Vayamos al otro lado. La sustitución de novelas por libros de texto, ya de por sí edulcorados, y más visuales que conceptuales, es imposible. La razón es que la novela es un transmisor dudoso de conocimientos científicos. Pueden servir para aumentar las ganas de saber, de aventurarse más en una disciplina, para acostumbrarse a ciertos conceptos o planteamientos. Es un complemento agradable, a veces, pero no un sustituto. Lo digo porque hay personas que creen que saben Historia porque han leído a Galdós o a Pérez Reverte, por poner un par de ejemplos. Y es que hay que tener siempre en cuenta el momento histórico y cultural del autor, su intencionalidad, tanto política como comercial, al igual que su formación.

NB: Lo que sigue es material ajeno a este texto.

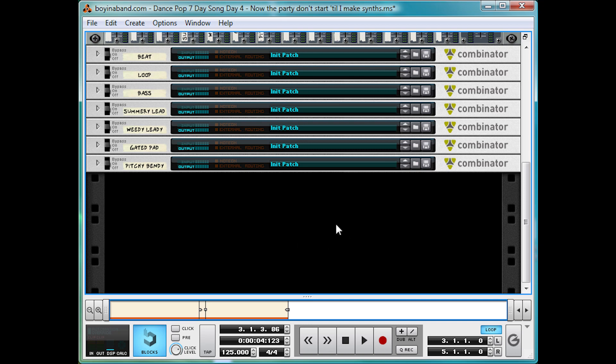Now bass pads are brilliant for big tense sections in songs. In dance pop this generally will be a bridge or a pre-chorus. Now I've gone for a bridge.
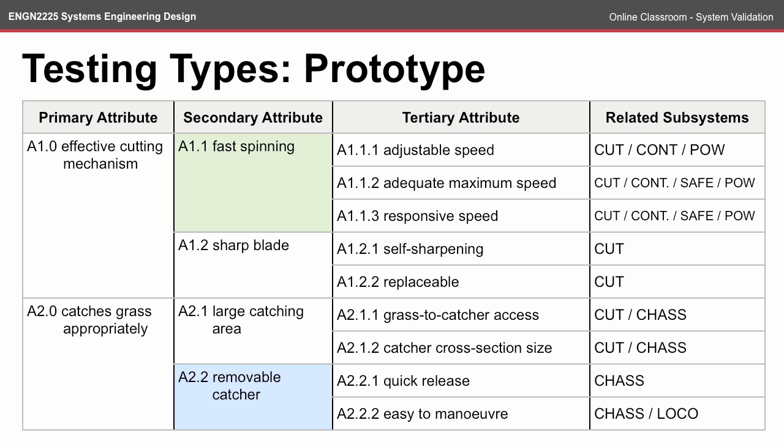Generally, the primary and secondary attributes require a much more developed prototype to test that the design meets the attribute. For example, attribute A1.1, fast spinning, would be very difficult to test in a proof of concept. This is because all of the tertiary attributes would need to be met for that secondary attribute to be valid.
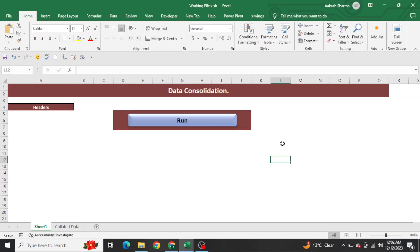Hello everyone, welcome to my YouTube channel Excel VBA Expert. In today's video we are going to automate one task which is data consolidation. We will create one VBA code that will help us to consolidate data only for specific headers. We have multiple workbooks with a lot of headers, but we only need to consolidate the common headers every time.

La literatura necesita retorcer la realidad para ser atractiva y seducir al editor y al lector. Esto conjuga difícilmente con la puridad científica o histórica. Y no sólo esto. El escritor, puesto en la tesitura de elegir entre un elemento de interés en su novela o ser fiel a la lógica de la ciencia, no dudará; intentará equilibrar, moderar, pero no dudará: siempre saldrá ganando la ficción.
En este sentido, la avalancha de novelas históricas ha sido, por un lado, un acicate para los libros de historia porque han conseguido que haya más gente que se interese por esos temas y quiere conocer más leyendo obras especializadas. Pero, por otro lado, ha sido una calamidad, porque el lector de novela quiere ver reproducido ese mundo de ensoñación, de cartón piedra que le ha construido el novelista, en un libro académico. Y es entonces cuando las cosas no le encajan. ¿Alguien cree que los celtíberos del siglo II a. C. que luchaban contra Roma se llamaban a sí mismos hispanos? ¿O que sus relaciones personales, de género dicen ahora, pueden ser equiparables a las de hoy? Y es que las novelas, películas o series de TV que valen como instrumentos pedagógicos se pueden contar con los dedos de una mano.

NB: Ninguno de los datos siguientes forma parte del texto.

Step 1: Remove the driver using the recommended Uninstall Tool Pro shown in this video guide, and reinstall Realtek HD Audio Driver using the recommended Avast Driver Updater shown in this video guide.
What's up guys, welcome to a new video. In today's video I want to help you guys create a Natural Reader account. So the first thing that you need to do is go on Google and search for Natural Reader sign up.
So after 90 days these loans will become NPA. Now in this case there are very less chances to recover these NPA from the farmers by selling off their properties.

Otro tanto ocurre con las ciencias, aunque el flujo es diferente. En este caso es el alumno de ciencias el que acude a la ficción científica, y lo hace por afinidad, por diversión, no como instrumento de formación. Hay incluso quien encuentra un gusto morboso a ir buscando fallos o mala ciencia; claro que, corregir a los demás, quitando otras consideraciones, también es un método de autoaprendizaje. El estudiante de ciencias prefiere el género hard, con el que se siente más identificado y que, a su entender, da sentido a la ciencia-ficción. Pero es una minoría, al igual que el grupo de estudiantes de letras (aunque ya no se diga así) que se deciden a leer novelas hard cuyo fondo es la Historia, la Política, la Sociología, la Geografía, la Filología o la Filosofía.
Leer sigue siendo un acto de libertad, lo que supone que formarse a través de la literatura, ya sea en ciencias o en letras, también lo es. Y aunque tenga importancia que la novela esté bien escrita, con independencia de su disciplina científica, seguirá habiendo muchos que confundan Tolstoi con Toistori.